I'm trying to understand the exact consequences of changing /proc/sys/kernel/perf_event_mlock_kb.
The man page for perf says
Maximum number of pages an unprivileged user can mlock(2). The default is 516 (kB).
The kernel documentation says
Control size of per-cpu ring buffer not counted agains mlock limit. The default value is 512 + 1 page
What confuses me is that both sources use two different units - the number of pages and Kb of memory. At the same time, the postfix _kb of the name implies that the file defines the number of Kb.
Is my understanding correct that the wording implies that the number should be devisable by the page size and if I set the file to 8046 on a machine with two vCPUs then perf will be able to take up to 16Mb of memory for the event buffers?
I think the kernel docs are missing a unit.
It should be 512 kiB + 1 page = 516 kiB, matching the filename and the perf man page.

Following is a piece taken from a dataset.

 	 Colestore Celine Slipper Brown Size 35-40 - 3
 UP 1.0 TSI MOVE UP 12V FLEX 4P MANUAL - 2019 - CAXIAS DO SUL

The actual filename wouldn't still be named _kb if it had different units.
cat /proc/sys/kernel/perf_event_mlock_kb on my system shows 516, so that pretty much confirms that it's in kiB.
number should be devisable by the page size
Yes, the number should be divisible by 4 to make the size divisible by the 4k page size, on x86.
If not, the kernel presumably rounds up or down, IDK which.